As I see it, an MEV mitigation scheme has 3 main objectives:
- Move some of the money that searchers are earning, or currently wasting on latency reduction, to the Arbitrum ecosystem.
- Eliminate the need for latency races by the searchers, to remove the need for spamming transactions or creating 1000s of connections to the sequencer feed
- Achieve the above while damaging the regular customer experience as little as possible
I think this proposal will do a reasonable job of objective 1, although there could be other strategies that will lead to a higher proportion of MEV being paid to the ecosystem
I don’t think this proposal will eliminate the searcher speed races. In the limit of large fees, the time savings a searcher is purchasing (compared to no added latency) will be proportional to gc/F. So when trying to save the last fractions of a millisecond, that will prove very expensive, and hence still worth searchers making many sequencer connections.
On objective 3, one of the main selling points of the Arbitrum ecosystem is its low transaction latency. Even for the regular customer, most transactions will return a response in < 300ms. So to suddenly add an extra 500ms to everyone’s transactions seems like destroying the elegant and efficient system you currently have. Plus messing with the simplicity of FCFS will likely introduce a whole load of new exploits for searchers (blind spamming for sandwich attacks perhaps).
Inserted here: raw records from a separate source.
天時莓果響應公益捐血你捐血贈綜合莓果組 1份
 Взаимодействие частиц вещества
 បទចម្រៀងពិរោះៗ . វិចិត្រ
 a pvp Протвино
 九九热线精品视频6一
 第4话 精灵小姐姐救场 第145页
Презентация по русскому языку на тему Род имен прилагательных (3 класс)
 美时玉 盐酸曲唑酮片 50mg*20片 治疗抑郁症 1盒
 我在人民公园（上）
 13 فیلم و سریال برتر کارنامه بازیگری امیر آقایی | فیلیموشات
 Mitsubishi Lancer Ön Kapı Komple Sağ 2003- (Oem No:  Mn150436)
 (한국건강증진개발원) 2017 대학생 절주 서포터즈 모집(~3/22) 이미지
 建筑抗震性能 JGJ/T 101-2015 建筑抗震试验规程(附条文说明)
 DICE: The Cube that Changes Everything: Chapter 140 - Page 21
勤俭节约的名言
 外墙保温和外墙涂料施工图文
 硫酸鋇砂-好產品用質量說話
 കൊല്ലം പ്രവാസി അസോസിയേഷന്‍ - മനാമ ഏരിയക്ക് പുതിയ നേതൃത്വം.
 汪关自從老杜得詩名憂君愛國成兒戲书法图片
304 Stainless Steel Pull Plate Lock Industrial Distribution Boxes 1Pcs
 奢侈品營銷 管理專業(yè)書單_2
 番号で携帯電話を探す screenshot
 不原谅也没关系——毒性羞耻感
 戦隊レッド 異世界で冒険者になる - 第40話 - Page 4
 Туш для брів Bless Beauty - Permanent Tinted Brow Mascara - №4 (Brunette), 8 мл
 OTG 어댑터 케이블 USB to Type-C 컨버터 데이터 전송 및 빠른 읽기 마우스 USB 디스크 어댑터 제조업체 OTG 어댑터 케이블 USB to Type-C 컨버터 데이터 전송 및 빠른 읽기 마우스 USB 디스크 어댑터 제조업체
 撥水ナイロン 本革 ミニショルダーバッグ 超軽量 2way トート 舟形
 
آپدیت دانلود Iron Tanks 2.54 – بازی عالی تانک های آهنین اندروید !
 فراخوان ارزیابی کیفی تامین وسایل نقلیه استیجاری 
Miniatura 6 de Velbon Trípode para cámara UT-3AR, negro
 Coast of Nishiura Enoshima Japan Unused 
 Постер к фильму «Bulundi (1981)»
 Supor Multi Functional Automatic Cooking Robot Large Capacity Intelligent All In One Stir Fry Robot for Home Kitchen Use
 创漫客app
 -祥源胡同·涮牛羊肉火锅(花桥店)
If you want to charge searchers for preferential access, I suggest imposing the delay on the outbound sequencer feed side. That seems much less manipulatable, more controllable, and less impactful on the regular user. For instance, a daily lottery or auction for non-delayed sequencer feed connections. This would be similar to the previous proof of work suggestion, but without the PoW. I’d be happy to work with the team designing a lottery smart contract for ordering of sequencer connections.